Il passait aux aveux. Ce n’était rien de reconnaître que Sabat était impossible à dépasser sur les circuits de la prescience judiciaire, mais s’en prendre à une intimité qui sentait la peinture fraîche pouvait devenir un vrai calvaire avec au bout une crucifixion qui ne pèserait rien à côté de celle du Christ, toute proportion gardée. Frank n’avait pas d’accointance avec le martyr. Il en apprendrait d’autres, mais que cela fût avec parcimonie et jamais complètement, histoire de ne pas se retrouver condamné à des reconstitutions nocturnes du plus mauvais effet sur une santé déjà précaire. Non, il renonçait au pactole promis par les larmes du nouveau comte. Ça allait chercher dans les combien ? Pas de quoi compenser une perte d’énergie qui changerait tous ses calculs. Et comme ses plans n’étaient pas non plus des chefs-d’oeuvre de prémonition, il était parfaitement en droit et en mesure de craindre le pire. Crucifié sur quelque chose qui ne serait même pas une croix. Peut-être un mur. Il en avait cogné pas mal depuis qu’il était en état de marcher sur les jambes, de voir où il allait et de se prendre pour un être humain, ce qui lui fut contesté par hypothèse et par prudence.

- Trop gros pour moi, Fabrice. Vous vous trompez d’adresse. Je ne veux même pas savoir si elle est morte par la même occasion.

C’était faux. Frank souffrait.
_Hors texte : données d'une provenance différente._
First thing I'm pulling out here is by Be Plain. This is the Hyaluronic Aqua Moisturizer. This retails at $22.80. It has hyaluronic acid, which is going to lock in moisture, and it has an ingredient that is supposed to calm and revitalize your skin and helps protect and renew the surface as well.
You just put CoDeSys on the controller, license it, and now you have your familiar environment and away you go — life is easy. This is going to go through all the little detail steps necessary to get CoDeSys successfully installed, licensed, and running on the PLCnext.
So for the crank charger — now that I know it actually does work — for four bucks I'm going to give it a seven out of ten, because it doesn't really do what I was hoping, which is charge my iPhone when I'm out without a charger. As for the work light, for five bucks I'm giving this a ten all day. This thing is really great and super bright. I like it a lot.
Pas à cause du clown ou de la mauvaise réputation du comte qui n’était plus à faire, ni de l’injustice qui allait frapper l’existence inutile de Janver. Morte, elle devenait un mythe et il était voué à des intériorisations qu’aucune substance connue ne pourrait raisonner.
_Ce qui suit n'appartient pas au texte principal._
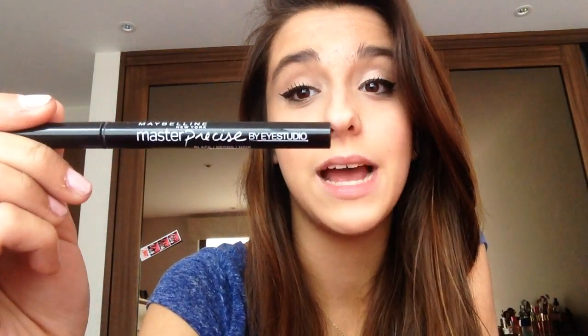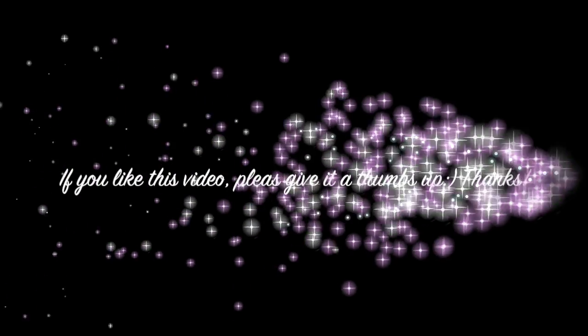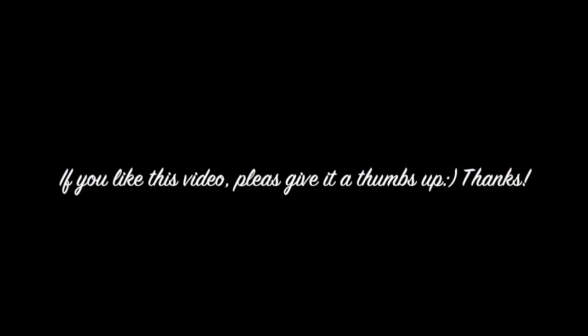I hope this was helpful. That's how I do my liner. And if you guys are wondering which one I used, it's the Bailey Leans Master Precise. I will do another video soon. Thanks for watching. Thank you.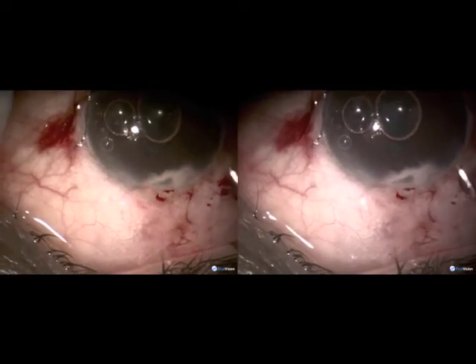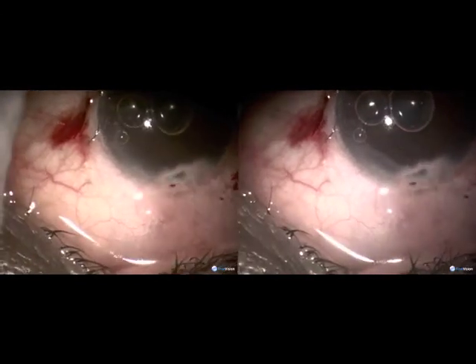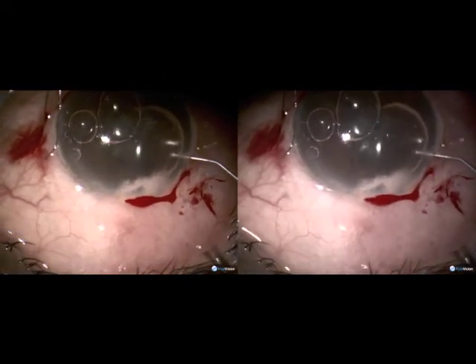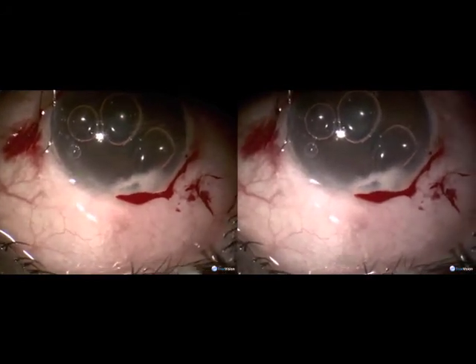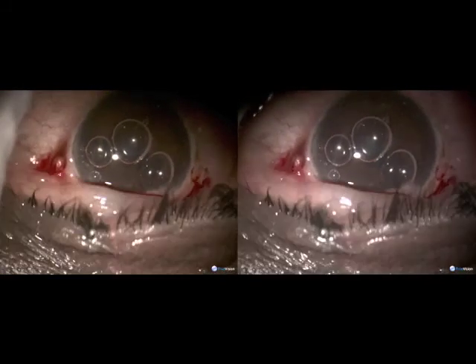Just clear with the cannula. Some more air is injected — some of it passes out at the tract, confirming patency. And that is the end of the procedure.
- Elle s’en est sorti, dit Fabrice. Pas une égratignure. Je la verrai ce matin. Je paierai le prix, vous me connaissez. Personne ne doit savoir qui était ce clown. Elle, tout le monde sait.

Sauf moi, pensa Frank. Je suis joli.

- Mais nous voulons savoir, Frank. Nous avons le droit de savoir ! QUI ÉTAIT CE CLOWN ?

Il criait maintenant.

- Demandez-le-lui, gloussa Frank.

- Hautetour ne dira rien.

- Elle ne dira rien non plus. Quelle importance, ce clown ? bredouilla Frank.
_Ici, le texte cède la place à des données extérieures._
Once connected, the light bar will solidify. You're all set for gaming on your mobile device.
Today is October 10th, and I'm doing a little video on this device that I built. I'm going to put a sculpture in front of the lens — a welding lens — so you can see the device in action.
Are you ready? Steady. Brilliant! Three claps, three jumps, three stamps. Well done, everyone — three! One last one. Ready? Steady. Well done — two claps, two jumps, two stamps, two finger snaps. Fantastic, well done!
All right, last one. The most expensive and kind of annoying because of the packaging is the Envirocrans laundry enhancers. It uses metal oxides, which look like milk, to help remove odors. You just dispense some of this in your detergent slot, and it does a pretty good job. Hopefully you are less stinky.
Il en prenait en tout cas dans son cerveau. Le savoir, c’était ne plus savoir, mais satisfaire un désir obscur d’en savoir plus. Il savait à quoi menait ce genre de spéculation. Une expérience claire des ratés de l’existence face à des enjeux strictement personnels lui indiquait clairement les limites à ne pas dépasser. Ce bornage lui servait de chemin à prendre. Caminante, no hay camino.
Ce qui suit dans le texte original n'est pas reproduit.